In the southern town of Guenzburg on the banks of the Danube, the group has invested 10 million euros ($11.3 million) into the complex to stockpile enough raw materials and components to keep production running amid serious disruption to supply.
"I have not experienced anything like it in my 40 years," CEO Ferdinand Munk said of the shortages that hampered the country's comeback from the economic impact of the pandemic over the past year.
On Friday, the federal statistics agency Destatis will publish German growth figures for the fourth quarter, with early signs indicating Europe's largest economy shrank by "between 0.5 and one percent," curtailed by supply chain woes.
The last three months of the year were marked by the same bottlenecks and coronavirus restrictions which saw Germany limp to 2.7 percent growth in 2021, according to Destatis.
At Munk, the company has had difficulties sourcing rubber feet for ladders and aluminium, the production of which was troubled by a short supply of magnesium from China.
If the company were not holding double its normal stock of aluminium, "then we would no longer be able to produce because delivery times are now extremely long", Munk told AFP.
- Chained together -
After a crisis meeting with the company's biggest suppliers near the start of the pandemic, the Bavarian company now has "much shorter supply chains", said Munk, who sees an advantage in having suppliers that are closer to home.

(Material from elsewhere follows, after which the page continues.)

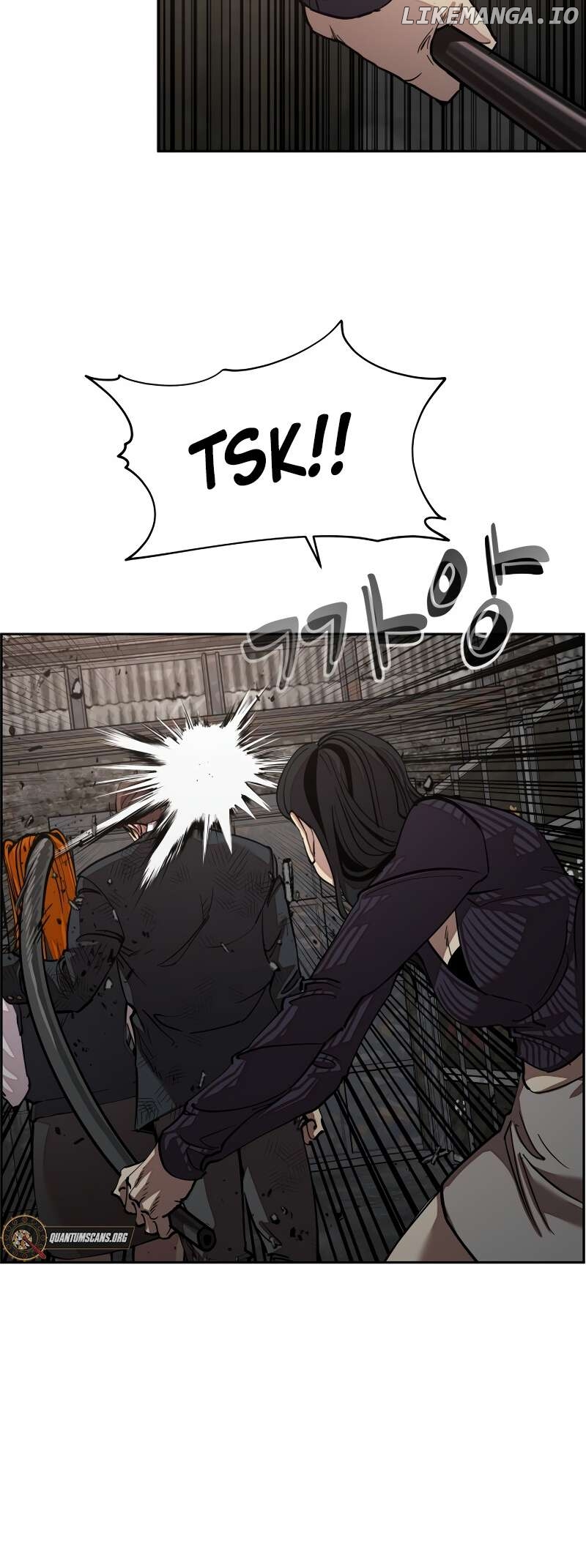 Surviving in A School Bully Chapter 32 - page 22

The newly minted hangar is part of the company's plan to "come out of the pandemic strong and less dependent" on others, Munk said, as is his intention never to rely on just one supplier.

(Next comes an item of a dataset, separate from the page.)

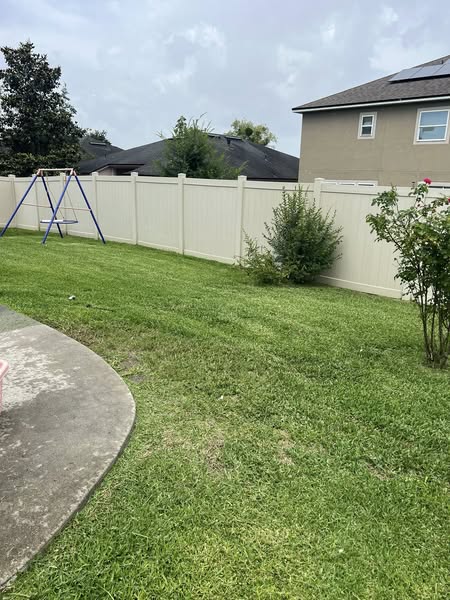 Landscape maintenance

The ladder-maker will not be the only manufacturer making changes to their supply chains to manage deliveries and avoid disruption, said Fritzi Koehler-Geib, chief economist at the public lender KfW.

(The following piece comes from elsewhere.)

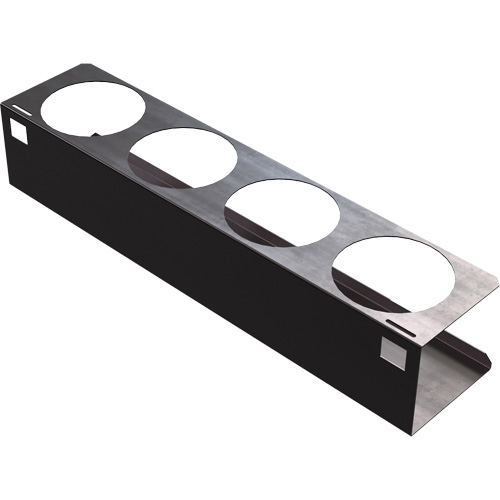 Accessoire pour bouteille &agrave; vaporiser dans les armoires pour produits inflammables Utili-Guard+ Kelford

While pre-pandemic globalisation had fueled the trend of sourcing further afield in order to cut costs, the health emergency has led businesses to relook at their model of reliance on foreign suppliers.
Businesses will reevaluate "the balance between speed and cost efficiency in their supply chains and their resistance to shocks" after the pandemic, she said.
The dependence of Germany's large manufacturing sector on supplies of raw materials and components meant bottlenecks were particularly relevant for the progress of the economy, Koehler-Geib said.
The country's flagship carmakers were hit hard by an acute shortage of semi-conductors, a key component in the computer systems integrated into conventional and electric vehicles.
New car sales in Germany fell by 10.1 percent in 2021, according to industry figures, after collapsing 19 percent in 2020.
- 'Get us again' -
Semiconductor shortages are "very clearly the biggest difficulty," Robert Schullan, CEO of Hawe Hydraulik in Munich, told AFP.
Better supply of the chips, which Hawe builds into the controls for construction machinery and other products, is still "not in sight", he said.
The hydraulics group is managing the turbulent supply situation with a reinforced buying team, but the disruptions have held some work back.
Not just the manufacturer's suppliers, but its "clients are naturally also affected by bottlenecks", Schullan said, adding that Hawe was "well occupied" but could always do more.
Alarmed by how one of its pillars of industry has been crippled by the supply issue, the German government has pledged to plough billions of euros into bringing semiconductor production back to Europe.
But its impact will not be immediate.
Supply troubles look set to dampen Germany's economic recovery in the new year, with the government revising down its estimate for growth in 2022 on Wednesday to 3.6 percent from the 4.1 percent figure it forecast in October last year.
The revival is expected to pick up pace as the year goes on, but the start of the year would "still be subdued due to the coronavirus pandemic", the economy ministry said in a report.
Severe supply troubles will continue "into the fourth quarter" when the pandemic will have ebbed, Munk believes.
But he warned against complacency in the face of new risks, adding that bottlenecks could "get us again."